Interesting article that was passed on to me this morning regarding pandemics, history and evolution from a public health professional:

Everything We Know about The Pandemic is Wrong - Or…
 
So some docs I know have gotten their 3rd dose already, who are not immunosuppressed etc.

Anyone here gotten it yet?

It's offered at one of my hospitals. Haven't gotten it yet. Will in the next month.
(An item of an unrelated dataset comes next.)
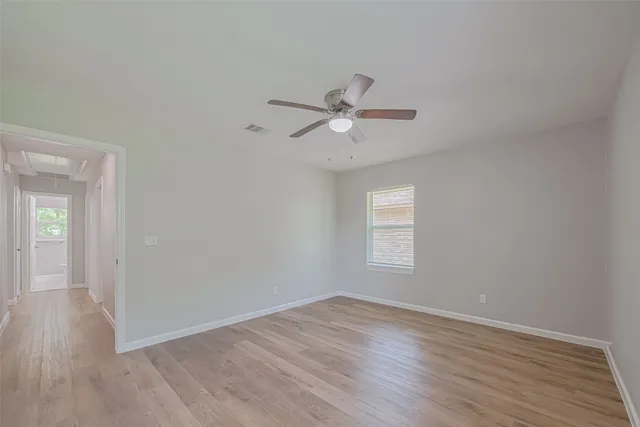 wooden floor in an empty room with a window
I was inoculated with Pfizer the first time...I kind of want Moderna but I don't know if it's available where I am
 
What’s the end game of COVID-19 vaccines?
The end game for COVID-19 vaccines is, periodic boosters to reduce risk of hospitalization and death, while gaining increasing herd immunity from mild and asymptomatic breakthrough infections, while studying the effects of severe COVID disease and it's variants on the unvaccinated, who've been so kind as to volunteer as our guinea pigs.
 
What’s the end game of COVID-19 vaccines? I ask in genuine curiosity. 3rd booster, 4th, 5th, or yearly for life? Is this going to be a disease requiring a chronic dependence on immunization to stave off severe morbidity/mortality, or will reaching a certain level of sustained immunity lead to eventual complete suppression of COVID-19 as a disease with any severe morbidity/mortality for an acceptable number of people (some people still die from an initial precipitating hit from rhino virus even though very uncommonly). From an evolutionary standpoint, I think we are challenged to out vaccinate a disease (like most) that seemingly evolves faster than our ability to combat.

Interesting article that was passed on to me this morning regarding pandemics, history and evolution from a public health professional:

Everything We Know about The Pandemic is Wrong - Or…

This will eventually turn into the other circulating viruses. Minimal morbidity and mortality. Might take several years or a decade or two. Why would you think otherwise? What is so special about this SARS-COV-2 vs
- 229E
- NL63
- OC43
- HKU1
- MERS
- SARS-COV-1

We have either defeated them or adapted to them and do fine.

At this point in evolution, I would rather bet money on human ingenuity over evolutional forces.